For four years, Vicky Unsworth was a slave in a secret sex cult. She speaks for the first time to Paul Cook about her ordeal and why she believes her abuser’s prison sentence is too lenient.

THIS was a chapter in her life that Vicky Unsworth wanted to forget.

“I’d blocked a lot of that time of my life out of my mind,” she says. Then the flashbacks began and finally a phone call from a friend spurred her into action.

She reported sex slave master Lee Thompson to the police and pressed charges, fearful that he would do the same to other women if she didn’t take a stand.

Now, for the first time, she has spoken openly about her life as a sex slave with Thompson, who was sentenced to three years in jail – with Judge Tony Briggs describing him as “dominating and manipulating”.

It’s a description of her “master” that she recognises now. “He was controlling and domineering,”

she says. “I lost me. I was just an extension of him. I couldn’t be on my own and I couldn’t be me. He moved me away from everyone.

“He would also force me to sleep with other men. And while I was pregnant, he would threaten to abort my child if I wouldn’t sleep with a drug dealer.”

Yet, she had no inkling of what life with him would be like when they met through a friend in 2000, when she was 17, near her home in the North-West.

She says that, for four years, she was Thompson’s girlfriend in what she believed was a normal relationship, but one she now describes as “controlling, domineering and abusive”.

Home in Darlington was a small terraced house. They met in Preston, but moved around.

Their North-East homes included Middlesbrough, Hartlepool and Newcastle, but they also lived in London and even the Isle of Skye.

Thompson was a sex slave master in the Kaotian sect, a splinter group of another organisation called the Goreans, that had up to 350 members across the North-East, engaged in slavery rituals based on science fiction novels from the Sixties.

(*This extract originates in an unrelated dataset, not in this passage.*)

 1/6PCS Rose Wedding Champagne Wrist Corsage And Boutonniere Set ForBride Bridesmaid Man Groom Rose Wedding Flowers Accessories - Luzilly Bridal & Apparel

Vicky was unaware of the sex slave cult. “He never mentioned anything about the Kaotians,”

she says.

“He just moved me around and I did as I was told. It usually started when I made friends. Unless he was punishing me, we were always together.

“He would leave me inside the home on my own. I had nowhere to go and no money. He left me without a phone and he would pack up and go. When he came back, everything was wonderful with the world.”

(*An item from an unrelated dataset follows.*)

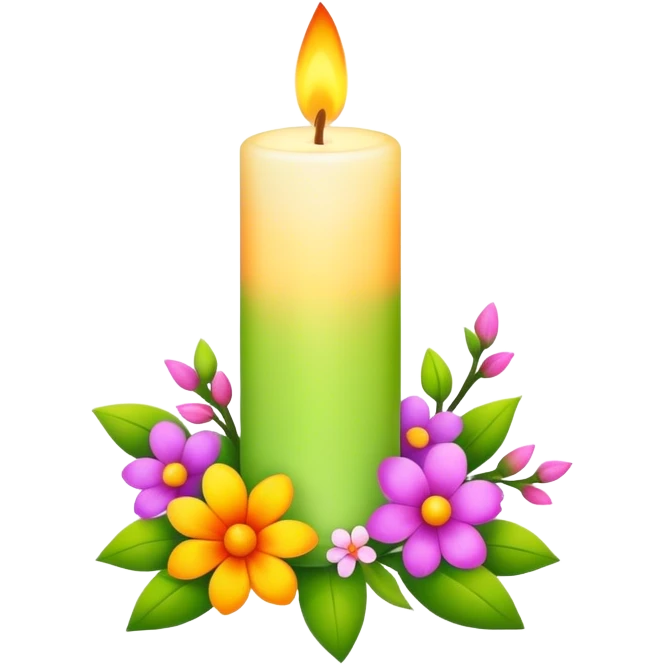 Spring candle with flowers  emoji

Although Thompson allowed her little contact with the outside world, she remained in touch with an old friend, who was looking after her dog.

That link provided her escape route. One day, Vicky told Thompson she was going to visit her sister. Instead, she met her friend and walked out of Thompson’s life for good.

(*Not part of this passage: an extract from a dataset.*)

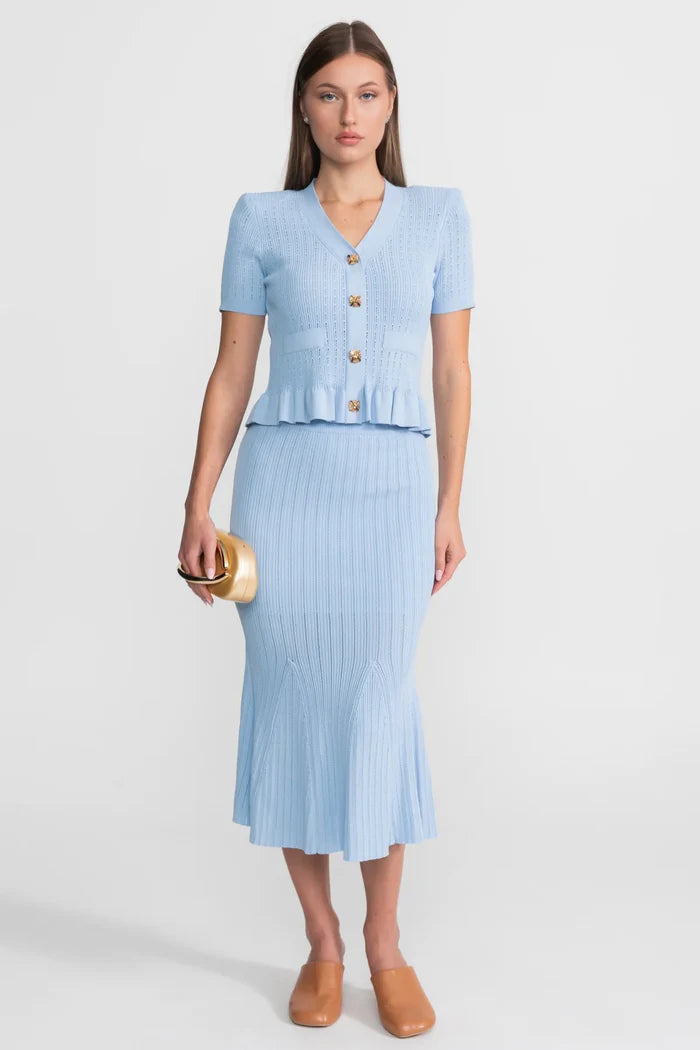 Knit Midi Co-Ord with Peplum Waist and Gold Buttons – Baby Blue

“I had had enough. I was working and had made friends and I could see what a normal life was. Up to then, I was under his control,” she says.

Vicky tried to put the bizarre relationship out of her mind as she forged a new life away from Thompson. Little did she realise that one email would help uncover the activities of the sect and cause a national media frenzy.

Worried father Tony Nicodemous contacted The Northern Echo because he believed his son was being manipulated by the cult. Rather than dismissing it, Thompson confirmed that he’d been a sex slave master for ten years and had taken on Mr Nicodemous’ son, Zachary, as his new apprentice.

Another email a month earlier had helped tip off police about the activities. A Canadian woman involved in the sect had told a Texan friend she wanted to return home, but was unable to because her passport had been burned.

Police investigated, but admitted they were powerless to take action against the cult because no offences had taken place and people were there of their own free will.

THE Northern Echo’s story about the sex slave cult created a media storm, with national newspapers and television following up the story.

It was that barrage of publicity that alerted Vicky to what was happening with her former boyfriend and led to the court case against him.

Her courage helped convict Thompson, who was charged under his alias, Harrington, in December last year.

He was jailed for three years after admitting a specimen charge of procuring a woman to have sexual intercourse by threats or intimidation, and one specific count.

The story would have rested there if Vicky, now 26, hadn’t decided to waive her lifetime anonymity because she wanted to tell what happened to her as a sex slave.

She is struggling to get over her ordeal. She is unable to form close relationships and is undergoing counselling. And she is angry at what she sees as the lenient treatment of Thompson.

“It is absolutely ridiculous that he got such a short sentence,” she says. “He’s going to serve just a year and a half for ruining my life. I think that man should never see the light of day again.”